I know I most certainly do not represent a typical game developer. I am way too structured and organized, but I still find it strange that we as a profession can’t seem to be able to get our shit together and become more efficient at what we do. There always seems to be one excuse or the other.

“Game development is hard”, “we have to iterate until we find the fun”, “the paper design is never 1-1 translated to the design in game”.

Most of these statements are true, of course. Contrary to other software development and the way other companies work however, game development is disorganized from the start, and it doesn’t improve as production chugs along.

I fully believe we have both a knowledge and a cultural problem in game dev. As developers, we are never taught good project hygiene. Creating tasks, tracking tasks, estimating the work we do – these are things very few developers know how to do properly. Even if they are aware, not all producers I’ve worked with know how to produce. To be honest, some of them had no knowledge of production methods at all – myself included. I was hired as a producer because I’m organized. Everything I’ve learned about production, I’ve learned on my own, with the exception of a week long course in project management and getting a Scrum Master certificate.

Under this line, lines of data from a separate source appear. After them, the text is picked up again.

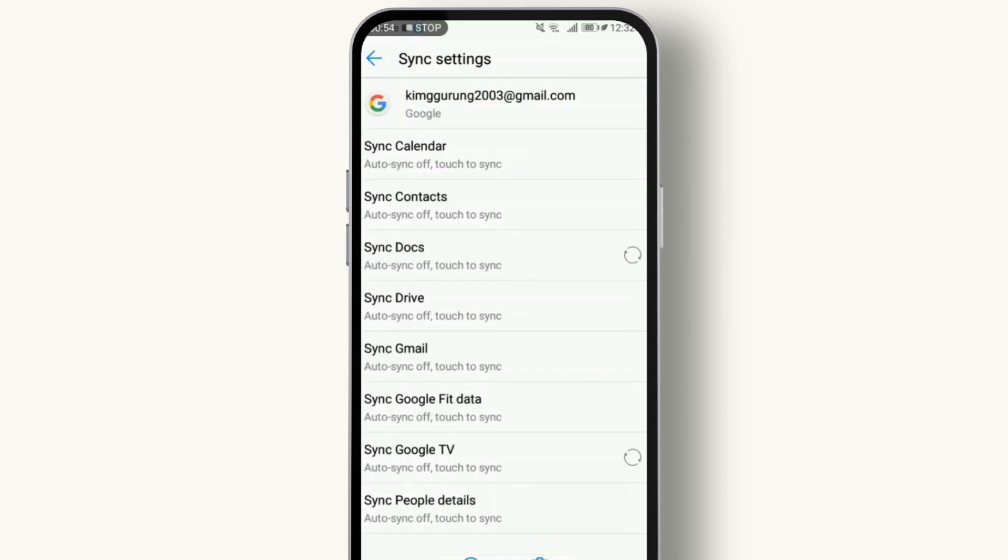Here you'll find all the data types that are synced with the Google account. Look for Contacts and tap on it.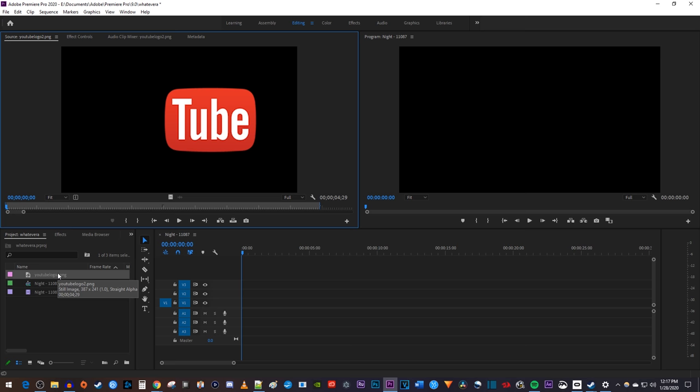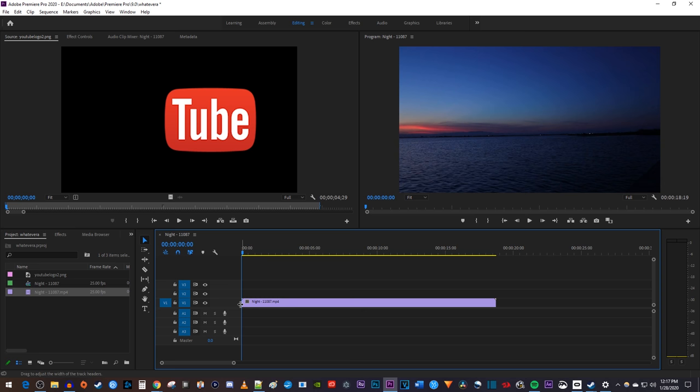Let's begin by dragging our video clip from the project bin onto the V1 track on the timeline. Then drag the image you'd like to overlay above it onto the V2 track.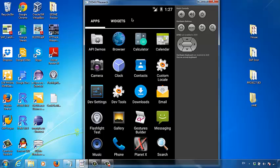Hello everyone! Let's begin to develop our first mobile app for Android systems. The app we are about to create today is called Flashlight. Using this project, I want to show you the major workflow of developing an Android app.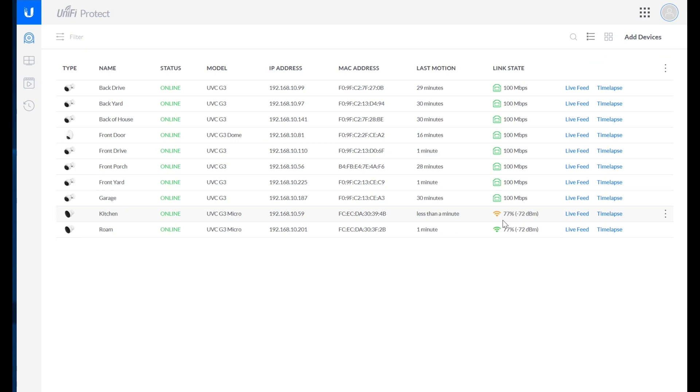I find it kind of shocking that Ubiquiti would create a device with external storage and not make it so that the external storage allows the NVR to survive a hard reset for the device. There's a lot of risk there.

For me, personally, I always think understanding not only how to do something, but also why something is done is important. Why do we need that data? Why do we have to track our tasks? Why is this important?

I don’t think a person without the understanding of why should be in charge of the how, but due to the nature of game development and how people are promoted, this is often the case. I don’t think producers have high enough expectations on them, and if they do, they don’t have the mandate they need.

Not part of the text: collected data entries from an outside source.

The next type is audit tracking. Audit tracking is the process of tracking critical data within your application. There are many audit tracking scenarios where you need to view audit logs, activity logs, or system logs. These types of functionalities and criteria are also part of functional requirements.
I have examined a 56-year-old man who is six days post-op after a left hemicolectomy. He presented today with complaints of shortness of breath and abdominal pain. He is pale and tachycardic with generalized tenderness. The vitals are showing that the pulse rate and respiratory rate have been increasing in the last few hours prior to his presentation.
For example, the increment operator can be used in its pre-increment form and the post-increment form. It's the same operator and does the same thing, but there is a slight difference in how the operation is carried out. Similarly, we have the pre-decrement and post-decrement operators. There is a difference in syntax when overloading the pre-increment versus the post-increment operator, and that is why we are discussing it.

In my 23 years in game dev, only a handful of producers I’ve worked with have had the knowledge to organize projects. This is why one of the most common phrases I hear is “let’s bypass production. I don’t know what they’re here for anyway”.

This leads us to the secondary issue of game development and production. Culture.

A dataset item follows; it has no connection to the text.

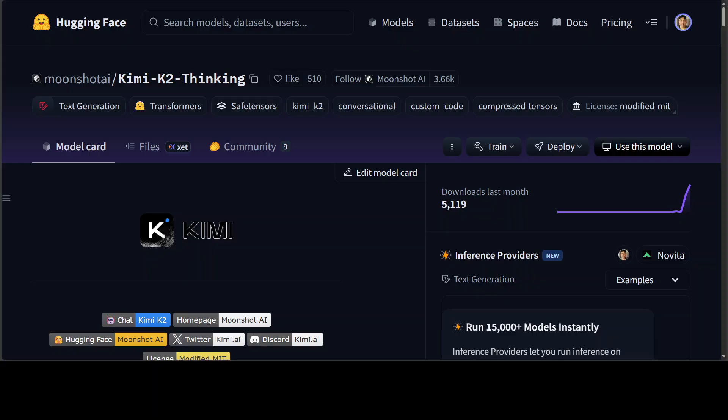The key takeaway is very clear from this video - Kimi K2 Thinking represents more than technical progress. I think it's a statement that the era of open global AI competition has truly begun, that innovation isn't confined to closed labs anymore, and that the smartest model on the planet right now might just be the one you can access freely from a team which hardly anyone knew about some months back.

For a very long time, the culture in games and around games has been quite flippant towards planning and production in general. The culture around game making has been an unfortunate mix of “you can’t predict and design fun”, “this is my game, I’m making it for me, I’m the audience” and “planning hems us in and kills creativity”.

Unfortunately, because game development culture is also or has historically been quite negative towards academia and theory and the theory behind why games work, people who might have actually improved the industry a.k.a. outside influences have been minimal. The culture around game development breeds a mindset that is negative towards structure and planning, because it is believed that structure and planning is detrimental for creativity.

In addition, we hire people from the culture we create. So of course the contempt for theory remains.

I believe mobile games are better at understanding their audience than most triple-A studios. The reason is that they build their games on data, and data driven design. Triple-A studios, in many cases, build their games on what the designers themselves enjoy or the latest popular game fad.

For this industry to move forward and develop, we have to get past this group think culture trap we’re in. Production and planning is not a negative thing. Using data and outside viewpoints on games and the theory of games is not a bad thing. Working with a clearly stated goal won’t threaten the “fun” of a game, nor will the idea of planning beforehand what to do hinder creativity.

As game developers we have to get over ourselves. We’re not special. Our development methods aren’t unique. What they are are stagnant and approximately 15 – 20 years behind the rest of industry.

But I suppose it’s nice being the underdog, the special snowflake, the really passionate hard workers, sacrificing everything to ge that game out there.

It isn’t going to last though. At some point, someone will revolutionize how games are made. My guess it is someone who uses modern and up to date production methods and data driven development and says bye bye to the culture that glorifies lack of frameworks and processes.